Fred M’membe of the Post Newspaper and the Nchito brothers have advanced technicalities to oppose an application by the Development Bank of Zambia to consolidate its case in the recovery of K14million they borrowed through defunct Zambian Airways.
They claim that the DBZ application by writ of summons and statement of claim were defective because:
-the demand was statute barred
-The original loan agreement was not effectual
-Piercing the corporate veil was unprocedural
Central to their opposition is the argument that the application and therefore demand is time barred because it comes six years after the circumstances that brought about the claim.
They therefore feel that the DBZ application to introduce more defendants, expunge evidence, remove corporate veil and making fundamental changes to the case were time barred.
They have also argued that vital elements of the agreement that were a pre-requisite to the agreement, regarding the buy back of shares were not fulfilled thereby invalidating the entire loan agreement.
They have therefore opposed the amendment of the writ of summons and statement of claim which would among other things make M’membe, Nchima Nchito and former DPP Mutembo Nchito personally liable for the loan by virtue of their directorship of Zambian Airways.
They have argued that the corporate veil should not be lifted because the procedure used was “starling” and that it was time barred.
They are arguing that a clause in the facility agreement, exonerates them from the debt, because at the time the loan was being negotiated the buyback facility in Clause 7 had not been full filled.
“The plaintiffs were advised that the contract would not be effectual unless the conditions precedent specified under clause 7 of the facility agreement were fulfilled or settled; this has has been the Defendants’ defence all along and this defence is fortified by the due diligence report.” They have argued in the affidavit in opposition.

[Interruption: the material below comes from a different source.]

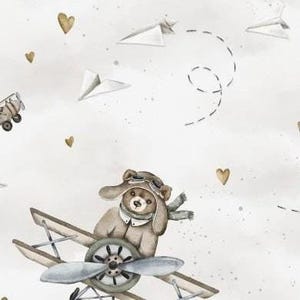 100% coton tissu en coton tissé ours en peluche école de pilotage avion hélicoptère nuages crème à partir de 50 cm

“It is trite that even before the question of lifting the corporate veil arises, there must first liability on the part of the company. In this case however, the cause of action relating to the debt that the plaintiff against Mines Air Service Limited is statute barred. Without that liability on the part of Mine Air Services, there cab be no question of the proposed 3rd to 7th Defendant paying the proposed 1st Defendant’s debt.”
They have further said that “The plaintiff(DBZ) is now attempting to change its cause of action and expunge evidence which exonerates the Defendant. This is not only unlawful; it smacks of conspiracy to defeat the course of justice.”
The trio have refused any attempts to prove they were liable and required to honour the terms and conditions of the K14 billion loan they acquired for the operationalization of Zambian Airways.
In a defendants skeleton argument in opposition to the plaintiff’s application to add parties and for leave to re-amended statement of claim filed before the Lusaka High Court, the trio alleged that the law of limitation restricted such action as addition of new evidence after the expiration of six years from date on which the cause of action accrued.
Nchito said the excepted portion of the statute of Limitation premised on a simple contract that it could not be brought to court if six years had elapsed since the commencement of such a matter.
They argued that by way of summons to, inter alia, join Mine Air Services Limited, Zambian Airways Limited, Fred M’membe and Nchima Nchito, SC filed on July 31, 2015, more six years after the plaintiff commenced the action, the plaintiff wanted to amend its Writ and Statement of Claim by adding new claims.
“Is it lawful to join parties to an action by amending pleadings in such a manner that the effect is to commence actions on issues that are statute barred?
“This is by virtue of the British Acts Extension Act, Chapter 10, and Volume 2 of the Laws of Zambia. The Limitation Act in Section 2 provides in part, thus’
“ ‘2(1) the following actions shall not be brought after the expiration of six years from the date on which the cause of action accrued, that is to say: (a) Action founded on simple contract or tort,” the affidavit explained.
“In this case, any alleged breaches of contract or tortious acts on the part of the intended defendants could not have been committed after January 13, 2009 and therefore any actions against the said intended defendants could not be brought to court after January 13, 2015,” Mr Nchito added.
They have also questioned the legality of an action of amending a Writ and Statement of Claim by adding causes of action, which could affect the existing defendants when such causes were state barred.
The defendants have also advised against plans to expunge documents from an earlier submission which they suspected could be for the purpose of finding them liable notwithstanding existing evidence.
They explained that the legal due diligence to be expunged was part of sworn evidence submitted by then company secretary Andrew Musukwa, that exonerated the defendants and the plaintiff’s attempt should not be allowed, adding …”that the Legal Due Diligence is one of the documents which exonerate the Defendants and the Plaintiff’s attempt to expunge the said document not be allowed”.